2.3 HYAS Product Support Services
HYAS will provide Clients and proof-of-concept participants with standard HYAS Product support.
3.1 Reseller Services Reseller will provide the following services (the “Reseller Services”) to HYAS:
(a) In connection with the acquisition of Clients: (i) market, advertise, promote, and solicit the sale of HYAS Products to prospective clients consistent with good business practice, in each case, using its best efforts to maximize HYAS Product sales volume and in a manner that reflects favorably on the name, goodwill, and reputation of HYAS; (ii) identify prospective clients and timely request HYAS’ approval of such prospects; (iii) observe all directions and instructions provided by HYAS relating to the marketing, advertisement, and promotion of HYAS Products; (iv) submit any information that HYAS may reasonably require related to the marketing of HYAS Products pursuant to this Agreement; (v) identify Reseller’s legal or trade name and that it is an authorized reseller of HYAS Products, when initially contacting a prospective client; and (vi) liaise between Clients and HYAS in matters requiring HYAS’ participation.
(b) In connection with the post-sales support for each Client: (i) promptly notify HYAS of a complaint of which Reseller becomes aware, and upon HYAS’ reasonable request, provide assistance to address or investigate any complaint about any HYAS Product; (ii) transmit information between HYAS and Client and assist HYAS personnel with technical support efforts related to Client quality or service claims; and (iii) communicate ideas, feature suggestions, feedback, and other useful information for the improvement, enhancement, or modification of HYAS Products, HYAS’ business practices, and other existing HYAS platforms ("Feedback") to HYAS. The Parties expressly agree Feedback is not Reseller’s Confidential Information. HYAS has the right to use Feedback for any purpose it sees fit, including (i) to improve or enhance its products and services, (ii) develop new products or services, and (iii) for marketing purposes. Nothing herein will restrict HYAS’ right to use, profit from, disclose, publish, or otherwise exploit Feedback, without compensation to Reseller.
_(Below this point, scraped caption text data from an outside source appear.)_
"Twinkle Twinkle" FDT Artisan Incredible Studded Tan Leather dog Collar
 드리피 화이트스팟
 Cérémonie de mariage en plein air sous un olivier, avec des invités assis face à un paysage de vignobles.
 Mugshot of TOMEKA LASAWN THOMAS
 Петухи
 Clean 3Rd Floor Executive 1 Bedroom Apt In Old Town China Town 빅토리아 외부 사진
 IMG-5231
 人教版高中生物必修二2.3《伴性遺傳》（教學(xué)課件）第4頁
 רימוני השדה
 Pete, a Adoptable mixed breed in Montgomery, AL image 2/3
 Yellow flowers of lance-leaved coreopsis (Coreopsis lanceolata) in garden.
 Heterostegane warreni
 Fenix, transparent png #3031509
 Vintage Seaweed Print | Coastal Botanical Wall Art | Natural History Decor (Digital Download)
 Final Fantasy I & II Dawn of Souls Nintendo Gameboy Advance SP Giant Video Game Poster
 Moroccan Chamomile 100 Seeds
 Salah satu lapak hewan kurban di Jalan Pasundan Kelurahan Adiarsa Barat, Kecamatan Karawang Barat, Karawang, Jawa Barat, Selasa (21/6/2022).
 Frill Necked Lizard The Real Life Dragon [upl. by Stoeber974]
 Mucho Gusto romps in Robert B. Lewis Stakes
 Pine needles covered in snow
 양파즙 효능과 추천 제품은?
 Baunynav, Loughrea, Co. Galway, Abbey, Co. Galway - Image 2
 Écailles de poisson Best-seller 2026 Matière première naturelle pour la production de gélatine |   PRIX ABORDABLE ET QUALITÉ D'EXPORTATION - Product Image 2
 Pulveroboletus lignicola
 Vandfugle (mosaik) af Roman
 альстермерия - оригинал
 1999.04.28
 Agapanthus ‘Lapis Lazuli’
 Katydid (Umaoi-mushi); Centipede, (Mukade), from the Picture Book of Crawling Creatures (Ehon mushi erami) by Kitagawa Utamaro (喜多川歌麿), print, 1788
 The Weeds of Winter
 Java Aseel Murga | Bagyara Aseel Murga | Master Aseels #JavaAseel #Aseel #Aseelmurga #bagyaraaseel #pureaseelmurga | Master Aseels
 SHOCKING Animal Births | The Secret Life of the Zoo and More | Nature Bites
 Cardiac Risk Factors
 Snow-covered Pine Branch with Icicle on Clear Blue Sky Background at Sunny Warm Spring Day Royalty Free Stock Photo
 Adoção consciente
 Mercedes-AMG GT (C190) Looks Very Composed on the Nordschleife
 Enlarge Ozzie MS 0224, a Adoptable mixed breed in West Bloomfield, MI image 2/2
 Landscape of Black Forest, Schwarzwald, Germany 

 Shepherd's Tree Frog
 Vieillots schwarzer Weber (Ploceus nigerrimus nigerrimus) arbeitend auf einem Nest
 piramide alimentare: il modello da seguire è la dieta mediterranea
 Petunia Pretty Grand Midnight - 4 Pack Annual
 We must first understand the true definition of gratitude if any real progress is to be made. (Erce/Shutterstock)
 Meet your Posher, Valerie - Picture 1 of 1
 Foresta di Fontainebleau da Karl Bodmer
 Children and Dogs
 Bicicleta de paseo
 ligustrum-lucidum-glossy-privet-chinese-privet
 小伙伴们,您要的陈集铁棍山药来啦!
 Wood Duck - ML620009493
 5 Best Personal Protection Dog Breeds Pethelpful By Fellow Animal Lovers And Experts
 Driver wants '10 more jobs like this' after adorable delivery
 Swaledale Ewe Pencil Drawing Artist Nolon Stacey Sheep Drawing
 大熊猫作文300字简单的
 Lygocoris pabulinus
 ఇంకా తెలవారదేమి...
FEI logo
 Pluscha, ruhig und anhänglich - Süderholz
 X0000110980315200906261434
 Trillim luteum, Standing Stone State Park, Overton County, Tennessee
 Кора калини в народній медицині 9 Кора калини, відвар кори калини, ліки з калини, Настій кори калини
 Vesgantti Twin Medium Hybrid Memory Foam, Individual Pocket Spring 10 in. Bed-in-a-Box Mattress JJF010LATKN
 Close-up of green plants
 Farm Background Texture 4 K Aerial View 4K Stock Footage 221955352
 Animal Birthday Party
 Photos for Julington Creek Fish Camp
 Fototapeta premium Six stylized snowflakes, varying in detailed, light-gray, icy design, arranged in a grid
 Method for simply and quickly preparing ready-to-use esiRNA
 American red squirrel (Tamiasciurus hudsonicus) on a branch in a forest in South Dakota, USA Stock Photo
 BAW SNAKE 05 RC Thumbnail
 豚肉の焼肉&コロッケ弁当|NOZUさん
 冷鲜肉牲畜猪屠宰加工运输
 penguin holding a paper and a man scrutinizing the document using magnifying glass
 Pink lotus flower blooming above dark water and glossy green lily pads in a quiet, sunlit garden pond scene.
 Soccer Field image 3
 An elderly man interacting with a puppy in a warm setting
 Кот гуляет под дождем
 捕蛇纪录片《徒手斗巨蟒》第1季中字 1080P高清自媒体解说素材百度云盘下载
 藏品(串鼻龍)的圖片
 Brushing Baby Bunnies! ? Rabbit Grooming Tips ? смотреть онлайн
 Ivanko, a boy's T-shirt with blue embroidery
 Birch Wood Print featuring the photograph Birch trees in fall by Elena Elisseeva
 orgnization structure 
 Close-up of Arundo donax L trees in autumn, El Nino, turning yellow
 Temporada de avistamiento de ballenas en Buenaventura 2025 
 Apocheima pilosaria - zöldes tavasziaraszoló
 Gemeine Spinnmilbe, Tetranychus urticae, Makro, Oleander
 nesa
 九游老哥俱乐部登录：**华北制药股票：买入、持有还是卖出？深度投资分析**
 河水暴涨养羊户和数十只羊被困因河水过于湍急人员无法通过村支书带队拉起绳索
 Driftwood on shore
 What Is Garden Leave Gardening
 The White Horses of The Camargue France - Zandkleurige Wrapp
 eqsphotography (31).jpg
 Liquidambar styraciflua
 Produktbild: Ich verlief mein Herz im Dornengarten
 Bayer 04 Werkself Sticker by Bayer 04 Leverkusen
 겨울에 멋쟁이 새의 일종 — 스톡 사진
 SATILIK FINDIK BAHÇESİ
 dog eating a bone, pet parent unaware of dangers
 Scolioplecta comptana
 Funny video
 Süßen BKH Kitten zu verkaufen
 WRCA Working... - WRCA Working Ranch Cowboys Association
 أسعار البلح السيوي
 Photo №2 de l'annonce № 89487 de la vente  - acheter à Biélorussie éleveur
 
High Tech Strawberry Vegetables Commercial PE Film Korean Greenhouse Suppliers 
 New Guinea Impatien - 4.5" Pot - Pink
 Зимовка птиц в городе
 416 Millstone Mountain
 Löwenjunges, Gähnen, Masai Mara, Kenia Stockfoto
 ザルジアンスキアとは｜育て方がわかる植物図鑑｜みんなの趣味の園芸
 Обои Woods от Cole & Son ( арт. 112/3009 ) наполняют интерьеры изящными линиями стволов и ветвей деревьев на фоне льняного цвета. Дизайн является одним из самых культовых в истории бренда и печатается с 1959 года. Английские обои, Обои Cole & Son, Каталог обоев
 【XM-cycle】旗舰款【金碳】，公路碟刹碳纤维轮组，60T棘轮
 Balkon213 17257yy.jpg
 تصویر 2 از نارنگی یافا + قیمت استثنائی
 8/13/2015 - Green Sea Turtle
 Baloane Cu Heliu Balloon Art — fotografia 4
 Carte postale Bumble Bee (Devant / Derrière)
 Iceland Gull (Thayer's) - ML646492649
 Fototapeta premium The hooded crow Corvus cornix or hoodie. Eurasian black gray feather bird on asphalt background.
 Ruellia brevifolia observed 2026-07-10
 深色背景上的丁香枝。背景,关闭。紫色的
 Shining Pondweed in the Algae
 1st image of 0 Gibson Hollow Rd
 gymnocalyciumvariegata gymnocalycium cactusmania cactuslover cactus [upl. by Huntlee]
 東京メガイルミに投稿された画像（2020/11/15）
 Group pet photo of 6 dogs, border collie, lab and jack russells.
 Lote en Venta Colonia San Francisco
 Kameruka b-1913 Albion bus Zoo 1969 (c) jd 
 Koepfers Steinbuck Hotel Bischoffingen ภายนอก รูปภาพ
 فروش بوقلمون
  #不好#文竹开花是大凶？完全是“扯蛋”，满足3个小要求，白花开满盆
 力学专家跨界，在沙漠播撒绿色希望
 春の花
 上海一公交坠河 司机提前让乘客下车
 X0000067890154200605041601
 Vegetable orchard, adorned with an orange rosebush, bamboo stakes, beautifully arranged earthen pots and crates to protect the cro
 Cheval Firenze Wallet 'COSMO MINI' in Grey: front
3.2 Compliance with Applicable Law
Reseller will comply with and ensure that its employees and contractors comply with Applicable Law, including anti-bribery and data protection laws. Reseller is responsible for obtaining and maintaining, at Reseller’s own expense, all certifications, credentials, licenses, and permits necessary for Reseller to conduct business relating to its obligations under this Agreement. Reseller shall employ appropriate security measures to protect any information that relates to an identified or identifiable individual (“Personal Data”) it may have access to during the Agreement. Reseller shall only access personal data necessary to perform in accordance with this Agreement. Reseller will immediately notify HYAS in writing in the event of any actual or suspected unauthorized access, disclosure, or destruction of Personal Data. Reseller will also immediately notify HYAS of any actual or suspected unauthorized access or use of HYAS Products.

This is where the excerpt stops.